── Supplied records

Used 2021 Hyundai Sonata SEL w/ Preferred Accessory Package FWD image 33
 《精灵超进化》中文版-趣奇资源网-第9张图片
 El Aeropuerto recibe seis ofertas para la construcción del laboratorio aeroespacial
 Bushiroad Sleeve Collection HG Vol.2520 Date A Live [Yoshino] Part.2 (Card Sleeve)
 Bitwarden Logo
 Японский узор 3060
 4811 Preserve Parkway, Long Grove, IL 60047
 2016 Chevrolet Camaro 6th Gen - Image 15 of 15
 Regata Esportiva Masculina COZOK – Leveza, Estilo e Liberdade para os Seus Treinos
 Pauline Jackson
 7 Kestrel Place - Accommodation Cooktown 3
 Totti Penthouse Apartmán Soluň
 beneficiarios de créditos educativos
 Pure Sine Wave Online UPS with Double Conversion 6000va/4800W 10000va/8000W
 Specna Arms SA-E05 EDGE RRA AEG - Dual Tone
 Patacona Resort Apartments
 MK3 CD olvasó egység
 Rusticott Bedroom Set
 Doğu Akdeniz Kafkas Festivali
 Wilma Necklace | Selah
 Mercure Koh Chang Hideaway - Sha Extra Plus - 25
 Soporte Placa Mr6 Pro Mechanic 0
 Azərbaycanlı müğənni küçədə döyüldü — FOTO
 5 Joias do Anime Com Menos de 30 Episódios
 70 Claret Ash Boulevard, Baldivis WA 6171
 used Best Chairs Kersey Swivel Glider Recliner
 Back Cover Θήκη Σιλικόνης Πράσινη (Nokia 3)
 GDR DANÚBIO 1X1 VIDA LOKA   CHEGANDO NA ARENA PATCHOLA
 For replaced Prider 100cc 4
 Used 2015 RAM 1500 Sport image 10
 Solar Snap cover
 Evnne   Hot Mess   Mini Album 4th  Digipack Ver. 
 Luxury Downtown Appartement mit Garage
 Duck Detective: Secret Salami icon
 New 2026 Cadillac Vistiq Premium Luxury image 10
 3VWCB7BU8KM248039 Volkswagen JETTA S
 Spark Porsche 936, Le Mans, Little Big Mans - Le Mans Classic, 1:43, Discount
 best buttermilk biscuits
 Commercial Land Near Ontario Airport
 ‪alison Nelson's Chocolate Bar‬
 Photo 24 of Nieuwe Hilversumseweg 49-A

────

● About this exercise
Please show every line of the material that contains the string "para".

● Problem solution
 El Aeropuerto recibe seis ofertas para la construcción del laboratorio aeroespacial
 Regata Esportiva Masculina COZOK – Leveza, Estilo e Liberdade para os Seus Treinos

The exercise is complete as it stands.